Re: Ist der Euro eine Fehlgeburt oder ein Erfolgsmodell?

Beitrag von Atue001 »

Orbiter1 hat geschrieben:(22 Jun 2020, 09:16)

Lassen sie uns an ihrem Wissen teilhaben. Welche Politikfelder wurden in der Eurogruppe abgestimmt?
Unter anderem:
Allgemeine und berufliche Bildung, Jugend
Außen- und Sicherheitspolitik
Beschäftigung und Sozialpolitik
Binnenmarkt
Energie
Entwicklung und Zusammenarbeit
Forschung und Innovation
Gesundheit
Handel
Humanitäre Hilfe und Katastrophenschutz
Recht und Grundrechte
Kultur
Landwirtschaft
Lebensmittelsicherheit
Menschenrechte und Demokratie
Regionalpolitik
Steuerwesen
Umwelt
Unternehmen und Industrie
Verkehr
Wettbewerb
Zoll

Die Abstimmung zu diesen Politkfeldern erfolgt in der EU - die Eurogruppe wird dann speziell wirksam, wenn es in diesen und weiteren Themen speziell um finanztechnische Fragestellungen geht. Also beispielsweise bei allen Fragestellungen rund um die Finanzkrise von 2008/2009. Die Eurogruppenländer stimmen sich dann intensiver ab, und geben ihre Impulse mit in die übergreifende Diskussion in der EU.

Entsprechende Hintergrundinformationen findet man mit wenigen Klicks beispielsweise auch bei google oder direkt bei den Portalen der EU. Wer also was finden WILL, der findet da auch was, ist nicht so arg schwer.
Benutzeravatar
Orbiter1
Beiträge: 9111
Registriert: Fr 23. Feb 2018, 13:25

Re: Ist der Euro eine Fehlgeburt oder ein Erfolgsmodell?

Beitrag von Orbiter1 »

Atue001 hat geschrieben:(22 Jun 2020, 23:34)

Unter anderem:
Allgemeine und berufliche Bildung, Jugend
Außen- und Sicherheitspolitik
Beschäftigung und Sozialpolitik
Binnenmarkt
Energie
Entwicklung und Zusammenarbeit
Forschung und Innovation
Gesundheit
Handel
Humanitäre Hilfe und Katastrophenschutz
Recht und Grundrechte
Kultur
Landwirtschaft
Lebensmittelsicherheit
Menschenrechte und Demokratie
Regionalpolitik
Steuerwesen
Umwelt
Unternehmen und Industrie
Verkehr
Wettbewerb
Zoll

Die Abstimmung zu diesen Politkfeldern erfolgt in der EU
Warum listen sie dann diese Punkte auf wenn deren Abstimmung in der EU erfolgt? Sie wollten doch über die Politikfelder informieren über die sich die Eurogruppe abstimmt, nicht die EU.
- die Eurogruppe wird dann speziell wirksam, wenn es in diesen und weiteren Themen speziell um finanztechnische Fragestellungen geht. Also beispielsweise bei allen Fragestellungen rund um die Finanzkrise von 2008/2009. Die Eurogruppenländer stimmen sich dann intensiver ab, und geben ihre Impulse mit in die übergreifende Diskussion in der EU.

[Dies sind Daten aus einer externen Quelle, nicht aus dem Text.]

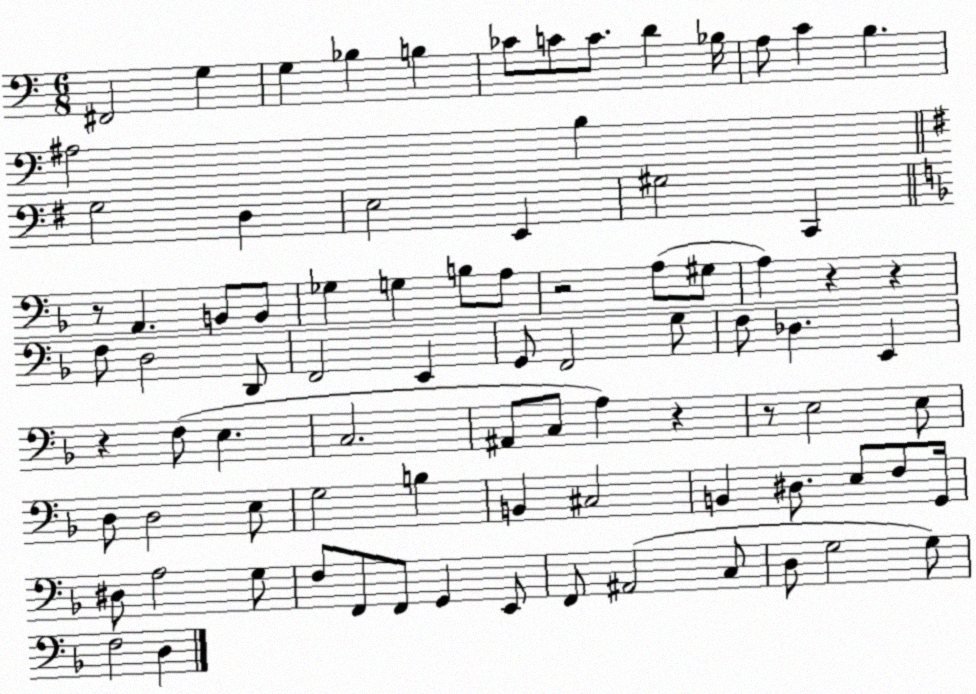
X:1
T:Untitled
M:6/8
L:1/4
K:C
^F,,2 G, G, _B, B, _C/2 C/2 C/2 D _B,/4 A,/2 C B, ^A,2 B, G,2 D, E,2 E,, ^G,2 C,, z/2 A,, B,,/2 B,,/2 _G, G, B,/2 A,/2 z2 A,/2 ^G,/2 A, z z F,/2 D,2 D,,/2 F,,2 E,, G,,/2 F,,2 G,/2 F,/2 _D, E,, z F,/2 E, C,2 ^A,,/2 C,/2 A, z z/2 E,2 E,/2 D,/2 D,2 E,/2 G,2 B, B,, ^C,2 B,, ^D,/2 E,/2 F,/2 G,,/4 ^D,/2 A,2 G,/2 F,/2 F,,/2 F,,/2 G,, E,,/2 F,,/2 ^A,,2 C,/2 D,/2 G,2 G,/2 F,2 D, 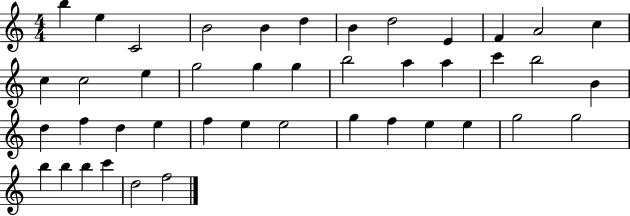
B5/q E5/q C4/h B4/h B4/q D5/q B4/q D5/h E4/q F4/q A4/h C5/q C5/q C5/h E5/q G5/h G5/q G5/q B5/h A5/q A5/q C6/q B5/h B4/q D5/q F5/q D5/q E5/q F5/q E5/q E5/h G5/q F5/q E5/q E5/q G5/h G5/h B5/q B5/q B5/q C6/q D5/h F5/h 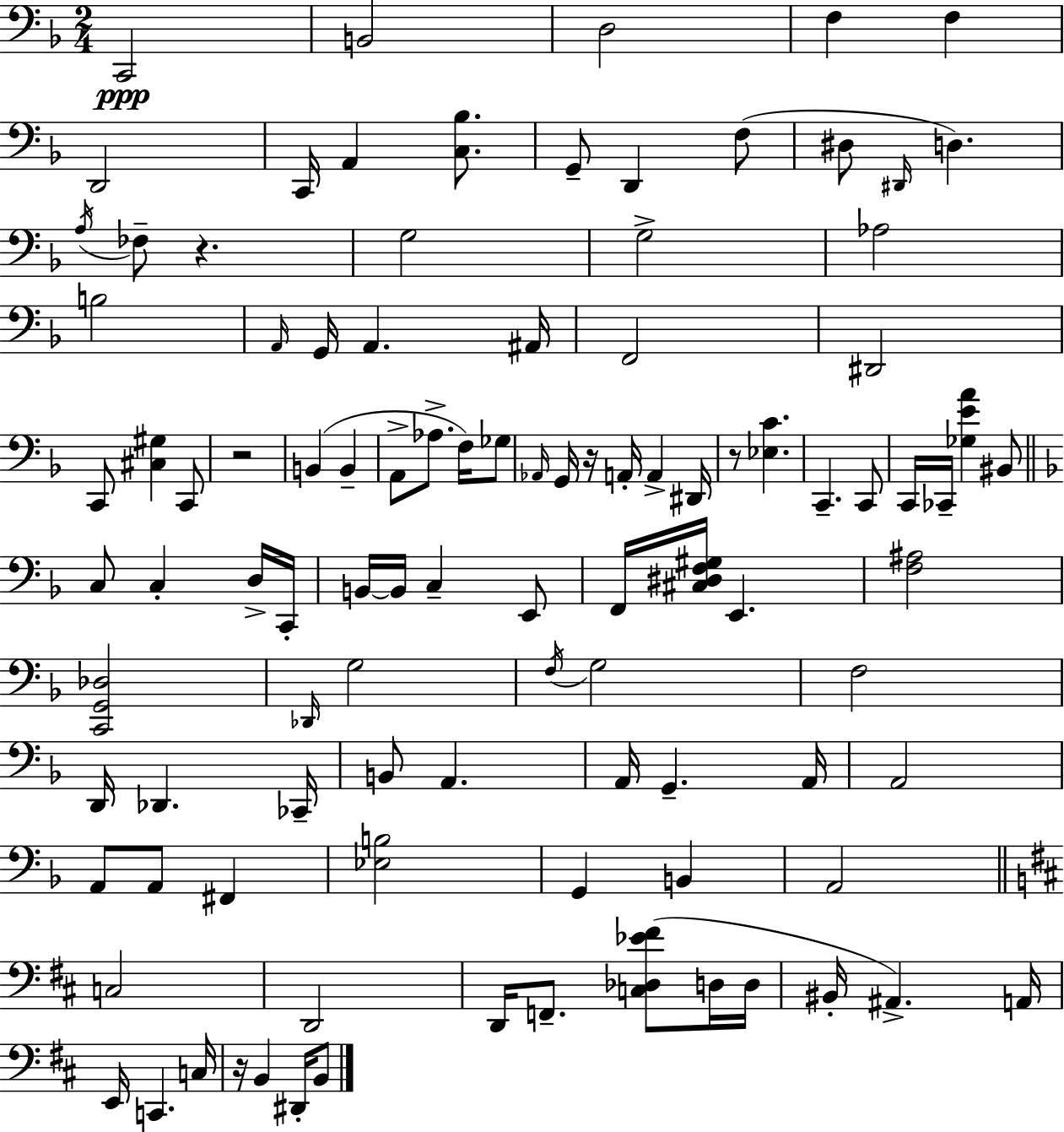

Entsprechende Hintergrundinformationen findet man mit wenigen Klicks beispielsweise auch bei google oder direkt bei den Portalen der EU. Wer also was finden WILL, der findet da auch was, ist nicht so arg schwer.
Dann schauen sie doch einfach selbst einmal dort nach. Da steht als wichtigste Aufgabe der Eurogruppe "eine enge Koordinierung der Wirtschaftspolitik der Mitgliedstaaten des Euro-Währungsgebiets zu gewährleisten". Ist es das was sie unter einer besseren Abstimmung von Politikfeldern verstehen? Falls ja, hat die Eurogruppe offenbar total versagt. Von einer koordinierten Wirtschaftspolitik der Eurozone kann nun wirklich nicht gesprochen werden. Ansonsten dürfte es die immer extremeren Überschüsse bzw Defizite (in allen möglichen Bereichen) unter den Eurozonen-Mitgliedern gar nicht geben.
Benutzeravatar
H2O
Moderator
Beiträge: 47331
Registriert: So 13. Sep 2015, 13:49
Wohnort: Zachodniopomorze

Re: Ist der Euro eine Fehlgeburt oder ein Erfolgsmodell?

Beitrag von H2O »

Orbiter1 hat geschrieben:(23 Jun 2020, 08:45)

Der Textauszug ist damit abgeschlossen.